▶ [DATASET SECTION]
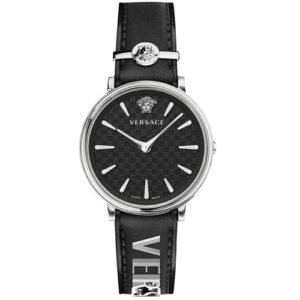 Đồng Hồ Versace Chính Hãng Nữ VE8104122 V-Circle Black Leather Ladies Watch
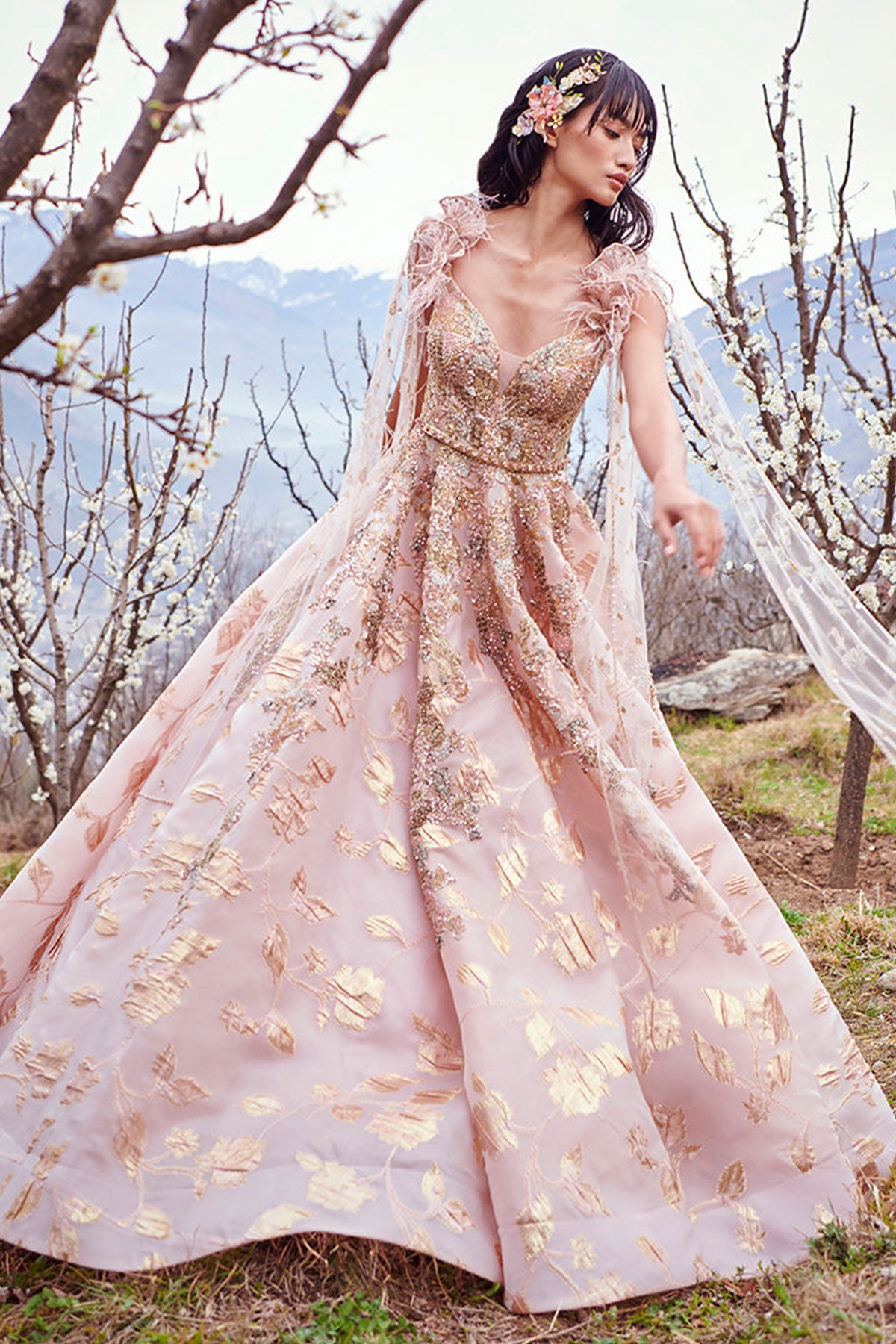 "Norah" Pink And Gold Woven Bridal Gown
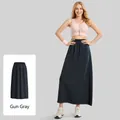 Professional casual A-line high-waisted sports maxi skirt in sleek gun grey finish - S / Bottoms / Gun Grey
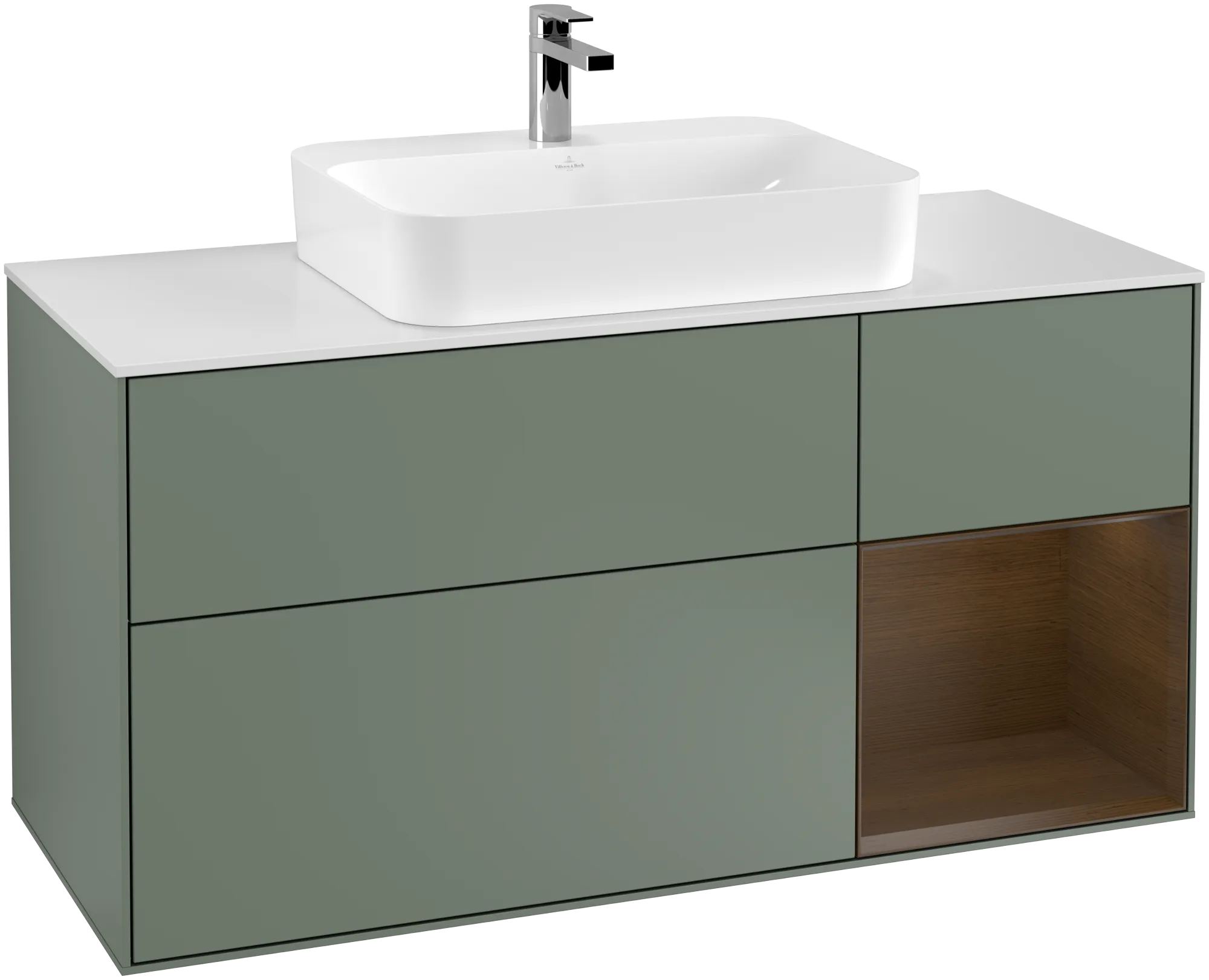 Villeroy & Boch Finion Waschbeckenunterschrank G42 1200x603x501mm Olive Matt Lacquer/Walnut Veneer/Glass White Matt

▶ [PROBLEM TO SOLVE]
Your copy should match the listing exactly, apart from the pictures it leaves out.

▶ [PROBLEM SOLUTION]
 Đồng Hồ Versace Chính Hãng Nữ VE8104122 V-Circle Black Leather Ladies Watch
 "Norah" Pink And Gold Woven Bridal Gown
 Professional casual A-line high-waisted sports maxi skirt in sleek gun grey finish - S / Bottoms / Gun Grey
 Villeroy & Boch Finion Waschbeckenunterschrank G42 1200x603x501mm Olive Matt Lacquer/Walnut Veneer/Glass White Matt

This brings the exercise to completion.